As a former vice president with Exxon 25 years ago, when the first attempt was made to bring Arctic gas to market, Hoglund said he found out then “how not to do things.”

He described the proposed US$7.8 billion undertaking as the most important energy project in North America, with access to 35 trillion cubic feet of Alaska gas and 6 to 9 trillion cubic feet of Mackenzie Delta gas and the potential to triple that amount. “It is the only source of gas left to grow in the United States,” he said.

Hoglund said having separate pipelines — the Alaska Highway and Mackenzie Valley systems — would “cost almost twice as much” as the Northern Route and create unnecessary conflict between the United States and Canada over which should be built first.

Only by combining Alaska and Canadian reserves could a pipeline be economic, he said.

Hoglund also argued that the pipeline should proceed “as fast as possible,” while costs and interest rates are low.

No Alaska, producer support

He conceded Arctic Resources does not have the support of either the Alaska government, or producers in the North Slope and Mackenzie Delta, but expressed high confidence that both could be persuaded to join.

Andre estimated the lower construction costs of the Northern Route line would save Delta producers C$130 million a year at the wellhead and North Slope producers US$1 billion a year.

He insisted the 350-mile link under the Beaufort Sea would be “environmentally benign” once it was installed and shrugged off claims that a subsea pipeline would never be approved. “If that is so why are there regulations in place in Canada for an offshore pipeline?” he said.

The combined 1,650-mile pipeline system would be introduced in four phases — 800 million cubic feet per day from the Delta in the third quarter of 2007, 2 billion cubic feet from the North Slope in 2008, another 400 million cubic feet from the Delta in 2009 and 2 billion cubic feet from Alaska in 2010.

ArctiGas said the orderly ramping up would avoid supply shock to gas markets and allow time for the development of takeaway capacity in Alberta.
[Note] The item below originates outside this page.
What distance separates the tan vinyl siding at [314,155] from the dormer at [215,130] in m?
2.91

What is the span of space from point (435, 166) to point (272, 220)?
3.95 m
100 percent debt financing

The novel feature of the Northern Route project is the proposal for aboriginal ownership in the Northwest Territories and 100 percent debt financing.

ArctiGas said that although it was not aware of any parallel financing of energy pipelines, US$1 trillion in municipal infrastructure projects have been financed through 100 percent debt.

“If one thinks of the aboriginal groups as similar to municipalities ... then our proposal is not at all unique,” the company said.

But, so far, the only aboriginal participation has come from the Northern Route Gas Pipeline Corp., representing communities in the Norman Wells area of the central Northwest Territories.

Other aboriginal leaders along the Mackenzie Valley right of way have opted to join the Mackenzie Valley Aboriginal Pipeline Corp., which has been offered up to one-third equity in a standalone Canadian pipeline if they can negotiate contracts for up to 500 million cubic feet per day of production.

A spokesman for the Mackenzie Valley Aboriginal Pipeline said the ArctiGas proposal is “quite confusing to a lot of northerners,” while a spokesman for the Northwest Territories government said the “economics are questionable,” given that ArctiGas has no committed production.

However, Wayne Sartore, vice president of northern pipeline development with Calgary-based pipeline company Enbridge Inc., said an “over-the-top” line could be built with minimal environment risk and would be cheaper than other alternatives. “We absolutely believe it can be done,” he said.